Step 8: Training and Evaluating Naive Bayes Classifier

In [12]:
model_NaiveBayes = NB.fit(X_train, y_train)
pred_nb = model_NaiveBayes.predict(X_test)

acc_nb = accuracy_score(y_test, pred_nb)
print('Accuracy of Naive Bayes Classifier:', acc_nb * 100)

Accuracy of Naive Bayes Classifier: 86.88524590163934


Step 9: Implementing the Stacking Classifier

Now, we will combine the base models using a Stacking Classifier. The meta-model will be a logistic regression model which will take the predictions of KNN and Naive Bayes as input.

- StackingClassifier(): Combines base models and a meta-model.

- classifiers: List of base learners.

- meta_classifier: Model that learns from base learners‚Äô predictions.
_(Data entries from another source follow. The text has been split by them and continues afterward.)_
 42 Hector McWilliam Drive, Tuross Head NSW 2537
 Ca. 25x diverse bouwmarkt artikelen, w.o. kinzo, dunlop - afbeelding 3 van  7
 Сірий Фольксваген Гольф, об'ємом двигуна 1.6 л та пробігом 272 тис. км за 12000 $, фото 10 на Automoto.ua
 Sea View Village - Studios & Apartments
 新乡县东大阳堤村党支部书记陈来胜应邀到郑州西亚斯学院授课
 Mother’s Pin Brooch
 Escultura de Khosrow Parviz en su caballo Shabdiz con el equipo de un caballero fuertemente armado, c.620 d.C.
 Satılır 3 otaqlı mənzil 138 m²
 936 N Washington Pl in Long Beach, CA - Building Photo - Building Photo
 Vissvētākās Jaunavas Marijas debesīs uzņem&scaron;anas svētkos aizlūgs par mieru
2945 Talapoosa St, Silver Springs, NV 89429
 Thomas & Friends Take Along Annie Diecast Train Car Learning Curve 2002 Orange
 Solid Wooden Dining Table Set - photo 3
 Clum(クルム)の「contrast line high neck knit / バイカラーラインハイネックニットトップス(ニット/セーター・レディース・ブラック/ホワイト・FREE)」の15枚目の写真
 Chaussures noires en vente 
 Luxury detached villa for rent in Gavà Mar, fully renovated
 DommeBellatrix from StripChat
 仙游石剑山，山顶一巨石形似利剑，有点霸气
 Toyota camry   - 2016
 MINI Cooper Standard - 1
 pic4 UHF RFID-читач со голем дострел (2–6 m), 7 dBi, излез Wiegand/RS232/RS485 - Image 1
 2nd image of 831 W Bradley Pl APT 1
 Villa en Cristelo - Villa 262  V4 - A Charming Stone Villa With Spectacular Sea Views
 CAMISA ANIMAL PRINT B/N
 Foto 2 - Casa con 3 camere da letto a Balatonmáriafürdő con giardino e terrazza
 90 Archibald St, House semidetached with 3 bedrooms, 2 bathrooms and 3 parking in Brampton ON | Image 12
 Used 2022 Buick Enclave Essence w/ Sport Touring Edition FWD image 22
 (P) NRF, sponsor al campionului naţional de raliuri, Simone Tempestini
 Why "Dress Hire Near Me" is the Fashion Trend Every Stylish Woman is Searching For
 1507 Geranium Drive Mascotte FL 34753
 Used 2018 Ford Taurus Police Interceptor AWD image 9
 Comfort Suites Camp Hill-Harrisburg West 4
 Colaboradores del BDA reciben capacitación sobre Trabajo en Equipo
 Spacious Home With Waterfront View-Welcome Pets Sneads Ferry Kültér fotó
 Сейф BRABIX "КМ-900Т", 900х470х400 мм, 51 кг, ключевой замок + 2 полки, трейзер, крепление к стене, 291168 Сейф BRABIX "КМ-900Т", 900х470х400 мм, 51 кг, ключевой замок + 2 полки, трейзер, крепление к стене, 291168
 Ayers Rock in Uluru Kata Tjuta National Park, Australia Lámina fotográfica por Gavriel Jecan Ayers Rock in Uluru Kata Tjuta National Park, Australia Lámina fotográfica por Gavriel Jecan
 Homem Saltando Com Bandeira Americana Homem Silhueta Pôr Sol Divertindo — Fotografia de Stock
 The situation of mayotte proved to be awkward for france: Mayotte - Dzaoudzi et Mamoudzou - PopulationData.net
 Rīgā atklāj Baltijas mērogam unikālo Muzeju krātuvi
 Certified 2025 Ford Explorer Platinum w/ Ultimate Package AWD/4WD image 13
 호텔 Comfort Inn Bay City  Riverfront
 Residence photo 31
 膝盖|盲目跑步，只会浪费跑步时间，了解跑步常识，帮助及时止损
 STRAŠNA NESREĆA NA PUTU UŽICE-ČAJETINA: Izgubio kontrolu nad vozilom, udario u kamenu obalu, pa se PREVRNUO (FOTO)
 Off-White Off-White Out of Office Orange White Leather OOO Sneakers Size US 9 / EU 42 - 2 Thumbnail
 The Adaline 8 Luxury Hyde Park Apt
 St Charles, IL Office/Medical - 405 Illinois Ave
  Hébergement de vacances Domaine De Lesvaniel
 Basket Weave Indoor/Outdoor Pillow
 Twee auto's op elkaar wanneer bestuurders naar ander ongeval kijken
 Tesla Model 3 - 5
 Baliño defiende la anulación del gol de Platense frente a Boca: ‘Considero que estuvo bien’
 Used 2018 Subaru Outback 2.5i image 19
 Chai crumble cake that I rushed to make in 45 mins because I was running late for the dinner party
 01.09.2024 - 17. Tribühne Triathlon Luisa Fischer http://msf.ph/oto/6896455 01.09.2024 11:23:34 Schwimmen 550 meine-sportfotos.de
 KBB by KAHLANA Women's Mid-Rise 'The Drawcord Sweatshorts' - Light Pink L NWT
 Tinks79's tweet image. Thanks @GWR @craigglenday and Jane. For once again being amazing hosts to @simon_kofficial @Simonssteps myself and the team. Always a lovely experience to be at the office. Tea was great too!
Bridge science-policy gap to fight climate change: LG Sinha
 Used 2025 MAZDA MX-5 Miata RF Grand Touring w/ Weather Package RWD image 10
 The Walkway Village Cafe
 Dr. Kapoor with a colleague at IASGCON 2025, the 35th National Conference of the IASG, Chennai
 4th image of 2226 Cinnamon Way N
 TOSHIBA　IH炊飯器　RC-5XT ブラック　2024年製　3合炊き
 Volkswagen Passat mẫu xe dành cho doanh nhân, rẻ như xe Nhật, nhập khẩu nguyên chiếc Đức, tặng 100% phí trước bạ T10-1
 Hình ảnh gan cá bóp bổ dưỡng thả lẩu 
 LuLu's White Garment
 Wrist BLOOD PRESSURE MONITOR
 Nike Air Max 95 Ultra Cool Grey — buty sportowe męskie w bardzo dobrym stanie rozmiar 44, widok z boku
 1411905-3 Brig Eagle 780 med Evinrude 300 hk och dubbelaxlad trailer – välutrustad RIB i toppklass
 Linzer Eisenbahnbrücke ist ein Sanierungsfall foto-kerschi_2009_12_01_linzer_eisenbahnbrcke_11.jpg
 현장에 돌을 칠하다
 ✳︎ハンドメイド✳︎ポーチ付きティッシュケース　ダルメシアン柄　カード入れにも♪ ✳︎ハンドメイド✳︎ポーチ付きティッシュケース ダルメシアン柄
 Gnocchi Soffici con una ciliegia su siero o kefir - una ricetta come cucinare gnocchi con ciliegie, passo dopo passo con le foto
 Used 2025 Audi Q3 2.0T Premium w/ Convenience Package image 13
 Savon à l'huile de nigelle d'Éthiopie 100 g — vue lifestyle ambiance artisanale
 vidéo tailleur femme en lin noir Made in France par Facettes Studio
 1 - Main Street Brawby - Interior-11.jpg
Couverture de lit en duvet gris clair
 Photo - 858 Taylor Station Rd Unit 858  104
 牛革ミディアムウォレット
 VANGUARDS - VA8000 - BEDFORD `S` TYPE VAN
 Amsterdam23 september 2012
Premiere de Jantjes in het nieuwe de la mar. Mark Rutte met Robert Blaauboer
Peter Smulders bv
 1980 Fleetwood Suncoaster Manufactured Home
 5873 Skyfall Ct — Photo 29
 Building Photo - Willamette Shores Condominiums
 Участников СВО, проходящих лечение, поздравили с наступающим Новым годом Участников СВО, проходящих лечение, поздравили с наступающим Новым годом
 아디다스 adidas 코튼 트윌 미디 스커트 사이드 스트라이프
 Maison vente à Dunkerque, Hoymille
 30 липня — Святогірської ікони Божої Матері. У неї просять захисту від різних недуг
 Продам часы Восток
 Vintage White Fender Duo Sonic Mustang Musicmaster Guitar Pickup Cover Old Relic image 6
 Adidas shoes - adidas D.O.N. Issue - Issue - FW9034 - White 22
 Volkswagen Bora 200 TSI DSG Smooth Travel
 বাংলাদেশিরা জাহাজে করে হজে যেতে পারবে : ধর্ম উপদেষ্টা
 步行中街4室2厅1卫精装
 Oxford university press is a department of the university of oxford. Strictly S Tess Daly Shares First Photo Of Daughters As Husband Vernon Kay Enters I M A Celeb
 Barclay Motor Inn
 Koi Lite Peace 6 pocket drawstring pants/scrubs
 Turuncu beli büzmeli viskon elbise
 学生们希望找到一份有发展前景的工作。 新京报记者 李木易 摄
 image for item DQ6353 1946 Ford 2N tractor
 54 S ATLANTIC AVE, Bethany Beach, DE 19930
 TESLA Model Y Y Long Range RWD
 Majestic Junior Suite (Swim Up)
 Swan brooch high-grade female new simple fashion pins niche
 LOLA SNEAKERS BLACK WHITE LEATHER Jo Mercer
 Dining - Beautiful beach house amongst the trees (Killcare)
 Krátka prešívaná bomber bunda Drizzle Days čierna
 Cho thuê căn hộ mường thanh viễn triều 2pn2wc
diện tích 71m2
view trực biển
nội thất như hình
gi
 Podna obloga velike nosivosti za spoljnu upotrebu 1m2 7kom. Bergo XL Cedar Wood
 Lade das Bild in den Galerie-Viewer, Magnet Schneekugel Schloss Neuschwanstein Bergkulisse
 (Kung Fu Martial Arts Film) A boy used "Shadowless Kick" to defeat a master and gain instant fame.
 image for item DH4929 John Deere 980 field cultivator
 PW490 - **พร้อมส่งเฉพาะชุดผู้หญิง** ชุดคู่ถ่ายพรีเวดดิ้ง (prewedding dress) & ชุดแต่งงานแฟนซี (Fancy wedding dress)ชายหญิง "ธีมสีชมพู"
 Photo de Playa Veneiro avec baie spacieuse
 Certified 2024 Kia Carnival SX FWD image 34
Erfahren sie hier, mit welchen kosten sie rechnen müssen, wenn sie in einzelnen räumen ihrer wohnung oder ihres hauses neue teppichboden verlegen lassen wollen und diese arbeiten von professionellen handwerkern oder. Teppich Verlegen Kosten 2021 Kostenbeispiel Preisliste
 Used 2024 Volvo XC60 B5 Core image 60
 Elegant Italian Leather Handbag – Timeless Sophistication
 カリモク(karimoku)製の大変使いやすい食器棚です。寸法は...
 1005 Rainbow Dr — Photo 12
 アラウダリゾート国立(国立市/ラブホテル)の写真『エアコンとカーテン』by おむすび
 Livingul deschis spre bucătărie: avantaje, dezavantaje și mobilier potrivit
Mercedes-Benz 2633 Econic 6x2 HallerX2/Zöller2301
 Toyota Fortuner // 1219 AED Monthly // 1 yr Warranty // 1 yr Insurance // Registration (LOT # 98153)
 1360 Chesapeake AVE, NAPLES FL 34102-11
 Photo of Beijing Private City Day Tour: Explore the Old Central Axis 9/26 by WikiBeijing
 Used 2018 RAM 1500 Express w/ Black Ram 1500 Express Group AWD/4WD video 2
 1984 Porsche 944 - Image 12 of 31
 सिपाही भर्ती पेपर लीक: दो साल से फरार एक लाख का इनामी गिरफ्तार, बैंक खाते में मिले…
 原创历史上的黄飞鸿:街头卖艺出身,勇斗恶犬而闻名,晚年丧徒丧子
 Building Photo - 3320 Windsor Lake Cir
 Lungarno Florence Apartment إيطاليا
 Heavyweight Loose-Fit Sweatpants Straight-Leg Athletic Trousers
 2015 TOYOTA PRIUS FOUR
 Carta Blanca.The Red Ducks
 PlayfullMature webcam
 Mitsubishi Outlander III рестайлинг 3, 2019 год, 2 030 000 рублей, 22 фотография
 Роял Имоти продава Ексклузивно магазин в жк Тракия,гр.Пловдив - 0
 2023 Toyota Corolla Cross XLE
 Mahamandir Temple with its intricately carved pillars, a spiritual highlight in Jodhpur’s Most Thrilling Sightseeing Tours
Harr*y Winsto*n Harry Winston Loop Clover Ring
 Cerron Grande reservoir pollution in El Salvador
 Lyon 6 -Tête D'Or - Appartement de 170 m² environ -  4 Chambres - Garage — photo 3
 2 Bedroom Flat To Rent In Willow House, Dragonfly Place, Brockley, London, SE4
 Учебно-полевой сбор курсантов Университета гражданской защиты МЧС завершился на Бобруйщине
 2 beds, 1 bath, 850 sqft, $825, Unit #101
- use_probas=True: Passes probability outputs to the meta-model instead of class labels.

In [13]:
base_learners = [
    KNeighborsClassifier(),
    GaussianNB()
]
meta_model = LogisticRegression()

stacking_model = StackingClassifier(classifiers=base_learners, meta_classifier=meta_model, use_probas=True)

Step 10: Training Stacking Classifier  


In [14]:
model_stack = stacking_model.fit(X_train, y_train)
pred_stack = model_stack.predict(X_test)

acc_stack = accuracy_score(y_test, pred_stack)
print('Accuracy Score of Stacked Model:', acc_stack * 100)

Accuracy Score of Stacked Model: 88.52459016393442


#Conclusion:
Both individual models (KNN and Naive Bayes) achieved an accuracy of approximately 86.88%, while the stacked model achieved an accuracy of around 88.52%. This shows that combining the predictions of multiple models using stacking can slightly improve overall performance compared to using a single model.